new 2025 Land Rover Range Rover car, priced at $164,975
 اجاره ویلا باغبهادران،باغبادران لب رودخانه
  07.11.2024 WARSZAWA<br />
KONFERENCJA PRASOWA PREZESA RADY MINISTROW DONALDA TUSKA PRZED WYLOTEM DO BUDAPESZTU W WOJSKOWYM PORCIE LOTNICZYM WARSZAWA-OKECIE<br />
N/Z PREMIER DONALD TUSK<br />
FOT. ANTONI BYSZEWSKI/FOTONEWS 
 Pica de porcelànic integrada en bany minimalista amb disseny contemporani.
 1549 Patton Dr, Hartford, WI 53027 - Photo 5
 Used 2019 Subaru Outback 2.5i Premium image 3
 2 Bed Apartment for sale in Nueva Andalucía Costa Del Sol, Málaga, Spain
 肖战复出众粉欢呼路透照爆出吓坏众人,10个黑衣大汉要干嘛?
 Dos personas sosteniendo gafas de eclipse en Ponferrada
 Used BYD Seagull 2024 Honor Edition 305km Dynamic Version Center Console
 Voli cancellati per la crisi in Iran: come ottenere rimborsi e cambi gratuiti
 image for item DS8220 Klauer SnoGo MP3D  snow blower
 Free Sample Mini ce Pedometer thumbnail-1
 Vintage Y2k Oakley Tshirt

[Your task]: Would you copy out exactly the lines from the one holding "Used BYD Seagull" through the end of the entries above, both ends included?

[Task output]:
 Used BYD Seagull 2024 Honor Edition 305km Dynamic Version Center Console
 Voli cancellati per la crisi in Iran: come ottenere rimborsi e cambi gratuiti
 image for item DS8220 Klauer SnoGo MP3D  snow blower
 Free Sample Mini ce Pedometer thumbnail-1
 Vintage Y2k Oakley Tshirt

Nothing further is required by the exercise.